Reproduce all the lines below exactly and omit the images.

■ INFORMATION SUPPLIED
☆ ☆ ☆
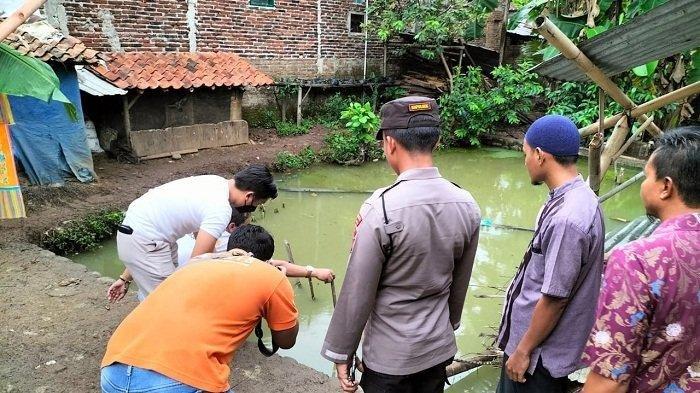 seorang balita di Desa Kembangan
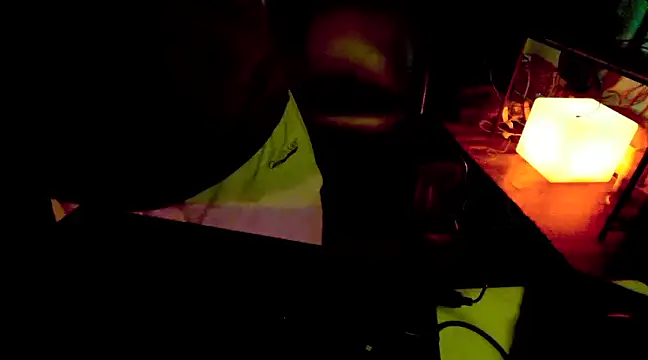 Snapshot of Pressure69mee chatting on 02-07-25, 02:04 Pressure69mee online show from 02-07-25, 02:04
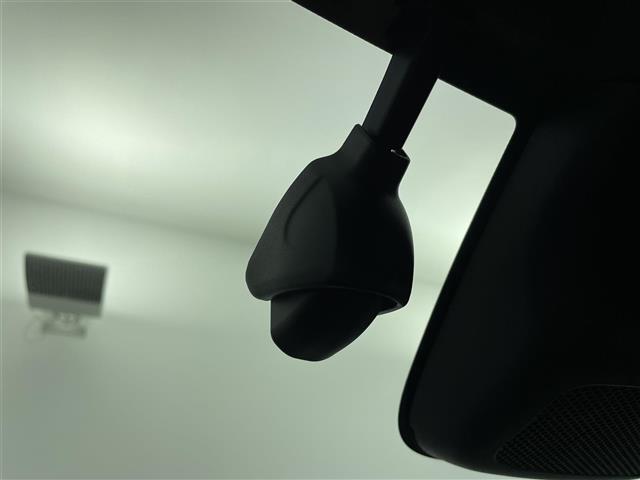 【ルーフ】大きなへこみや色褪せもなくきれいな状態です！ひょう害車は販売いたしませんのでご安心ください。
☆ ☆ ☆
■ REPLY
 seorang balita di Desa Kembangan
 Snapshot of Pressure69mee chatting on 02-07-25, 02:04 Pressure69mee online show from 02-07-25, 02:04
 【ルーフ】大きなへこみや色褪せもなくきれいな状態です！ひょう害車は販売いたしませんのでご安心ください。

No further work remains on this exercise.